▶ _EXERCISE MATERIALS_:
════

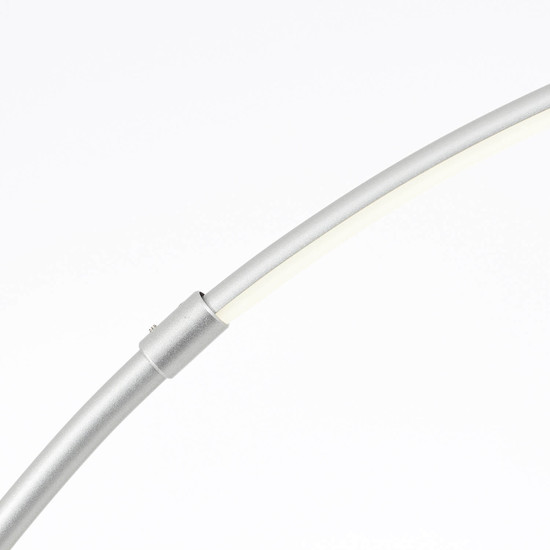 Brilliant Bow LED Stehleuchte 179cm 14W Aluminium G70611/21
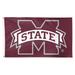 WinCraft Mississippi State Bulldogs 3' x 5' Primary Logo Single-Sided Flag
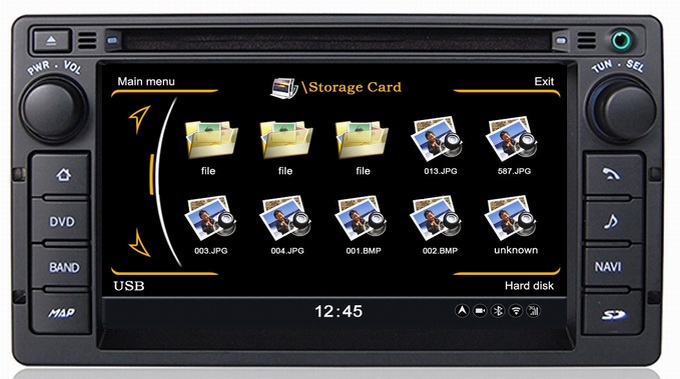 Ouchuangbo A8 Chipset Car DVD S100 Platform Ford Crown Victoria Autoradio Multimedia Sat Navigation Bluetooth OCB-260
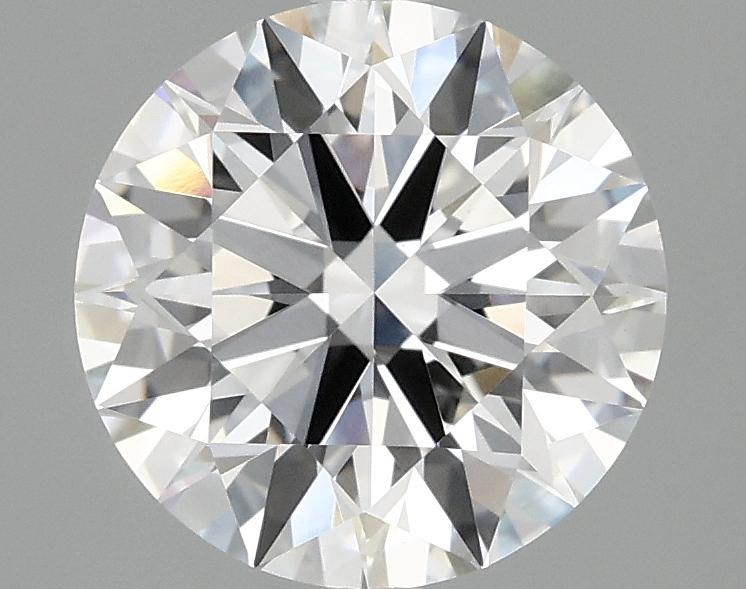 2.49 Carat Round Shaped Ideal Cut VVS2 IGI Certified Lab Grown Diamond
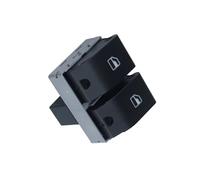 Compatible Con VW Para Polo 9N 2002 2003 2004 2005 2006 2007 2008 2009 Interruptor De Control Principal De Elevalunas Eléctricas Delanteras OEM: 6Q0959858 Ventana Botón Eléctrico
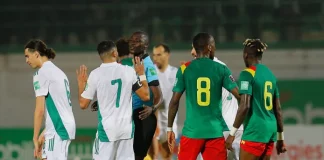 match Algérie-Cameroun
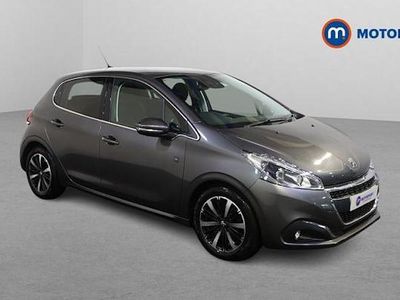 Used Peugeot 208 82 HP (60 kW) 2019 Grey Hatchback
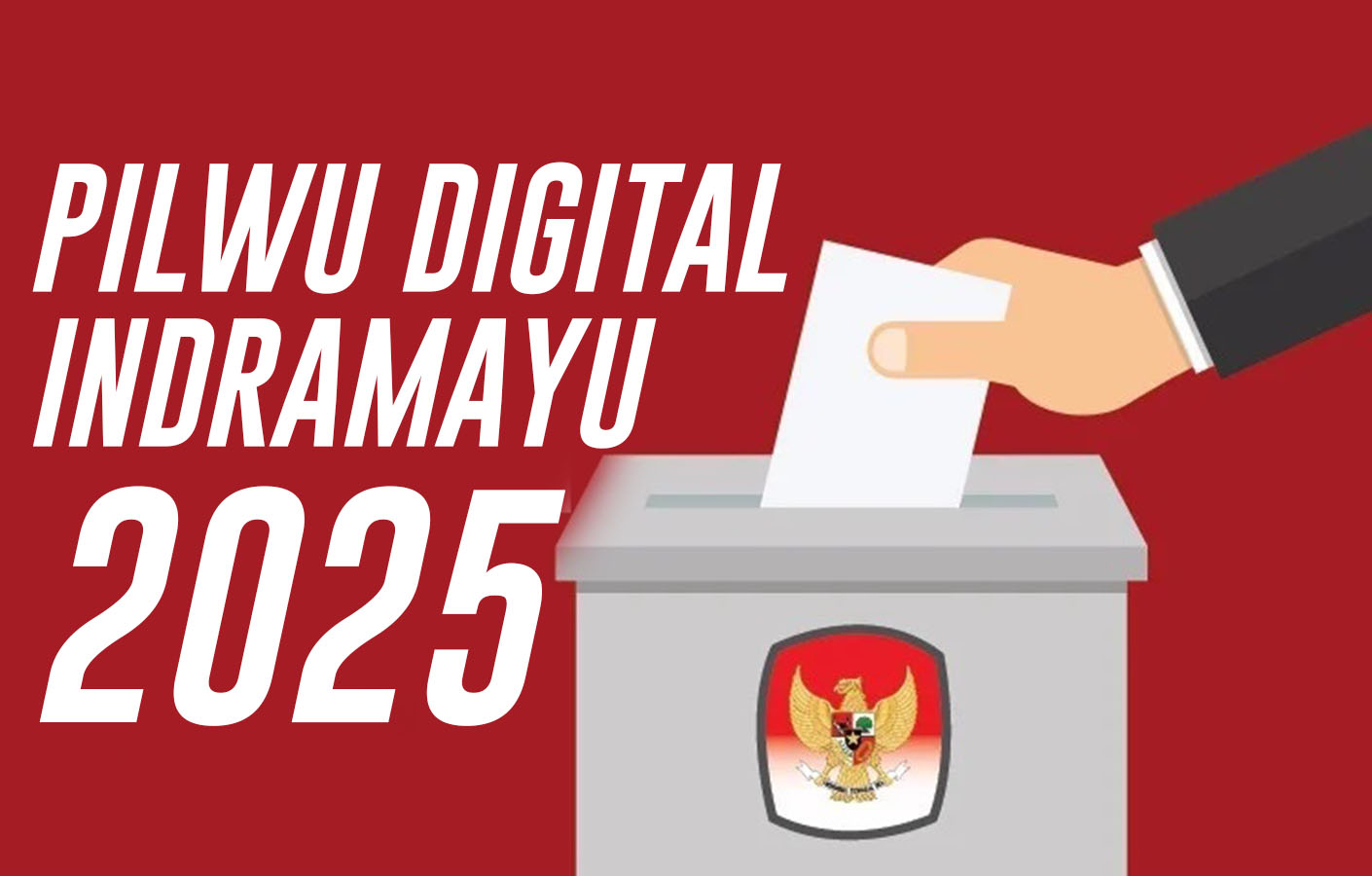 Pilwu Digital Indramayu Ditetapkan 10 Desember 2025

════

▶ _PROBLEM DESCRIPTION_: Give back every entry in full, exactly as written, with no picture included.

▶ _ANSWER SECTION_:
 Brilliant Bow LED Stehleuchte 179cm 14W Aluminium G70611/21
 WinCraft Mississippi State Bulldogs 3' x 5' Primary Logo Single-Sided Flag
 Ouchuangbo A8 Chipset Car DVD S100 Platform Ford Crown Victoria Autoradio Multimedia Sat Navigation Bluetooth OCB-260
 2.49 Carat Round Shaped Ideal Cut VVS2 IGI Certified Lab Grown Diamond
 Compatible Con VW Para Polo 9N 2002 2003 2004 2005 2006 2007 2008 2009 Interruptor De Control Principal De Elevalunas Eléctricas Delanteras OEM: 6Q0959858 Ventana Botón Eléctrico
 match Algérie-Cameroun
 Used Peugeot 208 82 HP (60 kW) 2019 Grey Hatchback
 Pilwu Digital Indramayu Ditetapkan 10 Desember 2025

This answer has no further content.